Absolutely. It's a very important question. I might have glossed over that point, and it's a really important point. One of the key reasons why CAR-T has not gone into community settings is because you see a lot more CRS and ICANS. These are basically toxicities associated with very rapid expansion of the auto CAR-Ts.
And you see a much lower rate of CRS. And almost in the data we disclosed at ASH, there were no ICANS cases with CAR-Ts. Now, you want to see some CRS because that's a marker of the cells working, but lower than autologous. So here we are with potency almost as good as CAR-Ts with a much better safety profile that can allow us to go into community settings. And I'm glad you asked the question because that's a really important differentiating factor for CTX112 and allogeneic CAR-Ts.
And no GVHD?
Absolutely no GVHD.
Thank you. Excellent presentation. You mentioned that you can make 100 doses from an allogeneic donor. What limits you to go to 1,000, 10,000? Is it T cell exhaustion? And how do you counter that?
Yeah, thank you. I mean, this is an important piece of the work we did.
I talked about the foundational years in the last three or four years. We brought the manufacturing in-house, and we said we really need to knock down the cost of goods to a level that makes it pharma-like. In fact, we brought down the cost of goods for our CAR-T to the $10,000 level, which now allows us to do clinical trials in India and China and, in fact, create a product that can be priced at $25,000 in India and still make a margin on it. How did we do that? We did that by process improvements, but more importantly, by making edits. And these edits, like Regnase-1 and TGF-β, they're like Energizer Bunny edits. These cells keep expanding, but they don't get exhausted, and they keep going. There is no theoretical limit.

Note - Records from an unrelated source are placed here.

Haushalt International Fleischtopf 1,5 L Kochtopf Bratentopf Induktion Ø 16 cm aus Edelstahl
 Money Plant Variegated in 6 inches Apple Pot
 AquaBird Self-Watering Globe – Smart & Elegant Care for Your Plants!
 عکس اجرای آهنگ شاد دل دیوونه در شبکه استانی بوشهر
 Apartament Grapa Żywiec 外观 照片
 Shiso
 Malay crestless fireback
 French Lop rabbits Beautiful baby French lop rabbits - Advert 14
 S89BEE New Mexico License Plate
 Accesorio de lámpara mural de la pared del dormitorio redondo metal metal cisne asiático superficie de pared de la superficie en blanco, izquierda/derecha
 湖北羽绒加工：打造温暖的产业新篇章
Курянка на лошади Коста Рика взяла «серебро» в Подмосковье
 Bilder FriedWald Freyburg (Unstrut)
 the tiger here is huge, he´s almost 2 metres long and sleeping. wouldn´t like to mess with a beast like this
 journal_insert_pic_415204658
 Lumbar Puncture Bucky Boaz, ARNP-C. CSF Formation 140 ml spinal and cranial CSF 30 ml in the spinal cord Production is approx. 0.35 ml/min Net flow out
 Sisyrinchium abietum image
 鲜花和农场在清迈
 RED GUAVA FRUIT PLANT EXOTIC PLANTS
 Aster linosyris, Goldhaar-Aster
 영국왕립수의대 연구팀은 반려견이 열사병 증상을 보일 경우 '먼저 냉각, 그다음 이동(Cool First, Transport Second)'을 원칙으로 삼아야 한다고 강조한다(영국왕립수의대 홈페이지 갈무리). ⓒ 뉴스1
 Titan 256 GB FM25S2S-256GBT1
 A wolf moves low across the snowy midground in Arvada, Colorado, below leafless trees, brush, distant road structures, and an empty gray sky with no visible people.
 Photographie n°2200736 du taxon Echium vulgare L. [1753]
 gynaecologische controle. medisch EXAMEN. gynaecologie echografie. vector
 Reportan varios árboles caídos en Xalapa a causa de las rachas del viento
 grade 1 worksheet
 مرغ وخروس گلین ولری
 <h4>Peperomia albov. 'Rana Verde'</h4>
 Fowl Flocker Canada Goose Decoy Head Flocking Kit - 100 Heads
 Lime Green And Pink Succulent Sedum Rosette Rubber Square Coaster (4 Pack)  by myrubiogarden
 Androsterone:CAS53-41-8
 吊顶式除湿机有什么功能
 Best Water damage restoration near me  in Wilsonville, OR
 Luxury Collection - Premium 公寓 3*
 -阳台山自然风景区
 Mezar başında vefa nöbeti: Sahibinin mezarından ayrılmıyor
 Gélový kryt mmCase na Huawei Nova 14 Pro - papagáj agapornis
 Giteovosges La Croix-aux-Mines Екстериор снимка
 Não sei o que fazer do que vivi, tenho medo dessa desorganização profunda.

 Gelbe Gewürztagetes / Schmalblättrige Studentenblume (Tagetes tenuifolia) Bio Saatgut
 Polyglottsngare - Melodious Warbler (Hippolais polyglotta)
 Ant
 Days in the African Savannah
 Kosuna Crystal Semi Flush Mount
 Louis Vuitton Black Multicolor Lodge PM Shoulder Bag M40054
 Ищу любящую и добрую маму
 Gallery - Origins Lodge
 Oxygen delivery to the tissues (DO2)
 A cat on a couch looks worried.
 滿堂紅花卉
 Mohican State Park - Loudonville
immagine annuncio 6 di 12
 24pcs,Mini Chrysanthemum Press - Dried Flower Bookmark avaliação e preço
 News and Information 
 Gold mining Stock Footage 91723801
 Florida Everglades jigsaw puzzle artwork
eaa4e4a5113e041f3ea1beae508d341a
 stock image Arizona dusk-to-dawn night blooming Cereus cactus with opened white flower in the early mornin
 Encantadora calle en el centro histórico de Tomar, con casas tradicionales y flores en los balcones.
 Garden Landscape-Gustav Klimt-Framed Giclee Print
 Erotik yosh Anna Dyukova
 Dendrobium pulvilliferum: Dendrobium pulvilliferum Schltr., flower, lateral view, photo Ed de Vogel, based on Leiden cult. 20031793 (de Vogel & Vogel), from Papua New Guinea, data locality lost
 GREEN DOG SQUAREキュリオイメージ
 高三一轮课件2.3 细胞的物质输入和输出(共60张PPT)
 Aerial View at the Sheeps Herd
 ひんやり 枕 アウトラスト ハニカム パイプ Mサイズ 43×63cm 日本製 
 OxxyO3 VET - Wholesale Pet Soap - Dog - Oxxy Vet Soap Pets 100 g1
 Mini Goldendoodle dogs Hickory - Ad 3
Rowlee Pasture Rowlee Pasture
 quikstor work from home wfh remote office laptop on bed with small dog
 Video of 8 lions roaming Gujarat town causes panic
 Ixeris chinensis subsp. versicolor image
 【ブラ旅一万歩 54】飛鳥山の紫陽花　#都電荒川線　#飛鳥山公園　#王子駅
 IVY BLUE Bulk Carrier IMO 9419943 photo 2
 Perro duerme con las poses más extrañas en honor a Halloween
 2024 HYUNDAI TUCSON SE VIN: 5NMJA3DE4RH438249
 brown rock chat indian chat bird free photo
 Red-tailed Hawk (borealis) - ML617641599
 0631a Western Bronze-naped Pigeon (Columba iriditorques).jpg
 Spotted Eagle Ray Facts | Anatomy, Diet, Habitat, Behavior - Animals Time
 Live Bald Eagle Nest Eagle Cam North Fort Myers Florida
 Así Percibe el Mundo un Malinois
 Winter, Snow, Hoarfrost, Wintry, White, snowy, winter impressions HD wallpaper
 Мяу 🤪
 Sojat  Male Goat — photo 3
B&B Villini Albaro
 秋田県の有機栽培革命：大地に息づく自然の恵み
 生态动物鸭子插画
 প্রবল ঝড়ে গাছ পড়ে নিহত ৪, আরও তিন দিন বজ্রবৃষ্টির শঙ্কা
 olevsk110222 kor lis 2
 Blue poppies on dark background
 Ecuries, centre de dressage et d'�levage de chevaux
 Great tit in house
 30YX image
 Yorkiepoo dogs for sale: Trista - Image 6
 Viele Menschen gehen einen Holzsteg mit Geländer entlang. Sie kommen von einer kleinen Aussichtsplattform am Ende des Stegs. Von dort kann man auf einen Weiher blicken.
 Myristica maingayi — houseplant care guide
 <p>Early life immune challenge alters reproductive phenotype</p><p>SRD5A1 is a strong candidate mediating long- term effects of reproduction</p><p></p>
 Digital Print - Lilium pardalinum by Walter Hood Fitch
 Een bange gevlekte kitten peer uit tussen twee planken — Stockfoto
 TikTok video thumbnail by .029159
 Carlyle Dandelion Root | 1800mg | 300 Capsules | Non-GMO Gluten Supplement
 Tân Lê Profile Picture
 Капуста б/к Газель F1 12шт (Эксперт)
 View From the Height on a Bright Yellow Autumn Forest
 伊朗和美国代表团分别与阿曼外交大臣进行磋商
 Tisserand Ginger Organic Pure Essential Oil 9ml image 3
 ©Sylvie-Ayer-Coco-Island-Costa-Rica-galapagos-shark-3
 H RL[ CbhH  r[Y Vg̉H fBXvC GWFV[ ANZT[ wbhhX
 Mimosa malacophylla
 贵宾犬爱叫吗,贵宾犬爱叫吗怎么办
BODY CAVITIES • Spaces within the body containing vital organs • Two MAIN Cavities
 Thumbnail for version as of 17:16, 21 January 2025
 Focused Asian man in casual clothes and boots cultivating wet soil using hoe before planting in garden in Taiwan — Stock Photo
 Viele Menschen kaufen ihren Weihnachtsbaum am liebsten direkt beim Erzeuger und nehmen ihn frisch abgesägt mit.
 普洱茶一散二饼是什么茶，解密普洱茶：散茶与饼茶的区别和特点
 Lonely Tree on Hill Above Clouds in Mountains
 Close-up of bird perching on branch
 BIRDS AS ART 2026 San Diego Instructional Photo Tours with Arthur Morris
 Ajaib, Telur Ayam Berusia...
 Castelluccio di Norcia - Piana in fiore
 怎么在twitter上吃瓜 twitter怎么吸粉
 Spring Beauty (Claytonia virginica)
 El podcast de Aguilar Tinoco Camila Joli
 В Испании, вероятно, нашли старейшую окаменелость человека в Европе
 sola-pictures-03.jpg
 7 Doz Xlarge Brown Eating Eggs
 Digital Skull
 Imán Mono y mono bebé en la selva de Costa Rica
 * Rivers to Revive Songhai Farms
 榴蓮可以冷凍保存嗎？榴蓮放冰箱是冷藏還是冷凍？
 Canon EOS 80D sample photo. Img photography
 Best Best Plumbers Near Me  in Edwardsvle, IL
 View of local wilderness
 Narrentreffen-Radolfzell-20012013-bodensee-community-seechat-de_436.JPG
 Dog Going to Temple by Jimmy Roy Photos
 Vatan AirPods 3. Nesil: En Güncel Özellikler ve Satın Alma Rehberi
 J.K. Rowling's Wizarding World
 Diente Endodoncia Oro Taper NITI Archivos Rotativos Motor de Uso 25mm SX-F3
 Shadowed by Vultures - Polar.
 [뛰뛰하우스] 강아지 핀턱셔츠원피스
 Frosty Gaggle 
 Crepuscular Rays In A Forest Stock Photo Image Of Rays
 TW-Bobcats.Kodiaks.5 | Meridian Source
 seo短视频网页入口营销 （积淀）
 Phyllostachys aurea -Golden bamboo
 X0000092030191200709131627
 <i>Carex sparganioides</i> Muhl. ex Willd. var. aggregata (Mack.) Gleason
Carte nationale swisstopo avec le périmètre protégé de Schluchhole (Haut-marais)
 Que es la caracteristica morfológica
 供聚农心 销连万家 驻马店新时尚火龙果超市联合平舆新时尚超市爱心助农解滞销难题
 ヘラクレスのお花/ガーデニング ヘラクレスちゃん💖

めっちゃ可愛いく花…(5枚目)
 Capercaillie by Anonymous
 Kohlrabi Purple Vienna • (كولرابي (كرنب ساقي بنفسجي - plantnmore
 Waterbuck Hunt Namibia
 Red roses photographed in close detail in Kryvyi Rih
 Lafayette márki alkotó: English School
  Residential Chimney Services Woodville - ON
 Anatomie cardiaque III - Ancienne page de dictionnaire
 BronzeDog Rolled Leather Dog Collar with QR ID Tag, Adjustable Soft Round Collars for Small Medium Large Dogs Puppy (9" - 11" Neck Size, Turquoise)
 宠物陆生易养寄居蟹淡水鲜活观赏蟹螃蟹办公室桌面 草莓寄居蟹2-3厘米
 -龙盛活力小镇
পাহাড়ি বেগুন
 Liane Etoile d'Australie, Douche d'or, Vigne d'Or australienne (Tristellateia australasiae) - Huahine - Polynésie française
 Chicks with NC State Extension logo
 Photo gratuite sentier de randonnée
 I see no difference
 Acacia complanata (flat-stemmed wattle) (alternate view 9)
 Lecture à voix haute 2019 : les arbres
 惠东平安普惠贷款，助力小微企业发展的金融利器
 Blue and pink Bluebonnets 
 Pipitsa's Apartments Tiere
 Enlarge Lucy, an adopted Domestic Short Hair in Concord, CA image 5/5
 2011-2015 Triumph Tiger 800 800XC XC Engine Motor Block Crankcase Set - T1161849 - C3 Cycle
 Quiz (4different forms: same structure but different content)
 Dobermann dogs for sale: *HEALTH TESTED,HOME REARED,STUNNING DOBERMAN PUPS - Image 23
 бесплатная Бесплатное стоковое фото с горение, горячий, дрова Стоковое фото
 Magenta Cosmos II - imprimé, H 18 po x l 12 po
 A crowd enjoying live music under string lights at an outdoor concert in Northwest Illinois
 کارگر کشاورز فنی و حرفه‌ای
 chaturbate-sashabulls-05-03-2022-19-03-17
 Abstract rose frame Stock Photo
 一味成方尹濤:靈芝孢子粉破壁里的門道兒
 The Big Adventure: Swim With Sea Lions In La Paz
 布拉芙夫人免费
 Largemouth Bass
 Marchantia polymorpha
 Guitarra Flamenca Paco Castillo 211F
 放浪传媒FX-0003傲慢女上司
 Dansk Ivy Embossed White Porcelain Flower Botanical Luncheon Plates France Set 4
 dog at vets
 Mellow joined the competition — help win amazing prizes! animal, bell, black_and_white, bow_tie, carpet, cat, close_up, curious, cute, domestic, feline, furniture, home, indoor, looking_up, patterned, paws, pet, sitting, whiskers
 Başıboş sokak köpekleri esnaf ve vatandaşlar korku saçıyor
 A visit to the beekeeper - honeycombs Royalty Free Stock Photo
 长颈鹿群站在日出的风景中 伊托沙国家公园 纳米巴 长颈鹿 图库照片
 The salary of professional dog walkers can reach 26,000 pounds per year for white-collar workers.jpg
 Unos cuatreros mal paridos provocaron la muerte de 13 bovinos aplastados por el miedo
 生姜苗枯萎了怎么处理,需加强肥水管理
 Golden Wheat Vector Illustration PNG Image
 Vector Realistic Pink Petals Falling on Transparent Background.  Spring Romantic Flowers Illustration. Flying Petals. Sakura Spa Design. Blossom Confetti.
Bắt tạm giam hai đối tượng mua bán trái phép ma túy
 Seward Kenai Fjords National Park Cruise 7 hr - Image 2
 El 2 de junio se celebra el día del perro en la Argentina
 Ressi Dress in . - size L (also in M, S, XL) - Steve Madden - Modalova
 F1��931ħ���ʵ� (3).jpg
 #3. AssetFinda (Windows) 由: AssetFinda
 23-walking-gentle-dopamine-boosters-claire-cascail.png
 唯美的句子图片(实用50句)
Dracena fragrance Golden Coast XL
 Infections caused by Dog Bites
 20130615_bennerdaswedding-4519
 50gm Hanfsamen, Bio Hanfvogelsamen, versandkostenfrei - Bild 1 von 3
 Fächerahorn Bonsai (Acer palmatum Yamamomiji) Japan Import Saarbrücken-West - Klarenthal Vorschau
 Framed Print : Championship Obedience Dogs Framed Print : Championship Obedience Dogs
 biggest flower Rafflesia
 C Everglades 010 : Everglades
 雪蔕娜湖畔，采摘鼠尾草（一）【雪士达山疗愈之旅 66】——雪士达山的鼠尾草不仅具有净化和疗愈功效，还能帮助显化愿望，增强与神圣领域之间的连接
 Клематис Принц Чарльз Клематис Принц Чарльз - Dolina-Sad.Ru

We could easily push this to 200 patients' dose per batch or 300. But I think now the fact that we've already brought the cost down to $10,000, I don't know how much marginal benefit there is to bring it down to $5,000, for instance. So we're not taking a chance with how much we're expanding it in manufacturing, and we want to keep the cells more naive. And we measure that, by the way. These cells with the Regnase-1 edit is this bizarre combination where the cells remain more naive and central memory phenotype. At the same time, they're much more cytotoxic and potent. And so it's a very important edit. In fact, we hit upon it, and we developed this product. But Carl June is the founder of this CAR-T era, in a way.
They did a massive screen and came upon the same edit, Regnase-1, as the most powerful edit to make CAR-Ts better. Maybe one last question. If not, thank you very much. Great to see you all.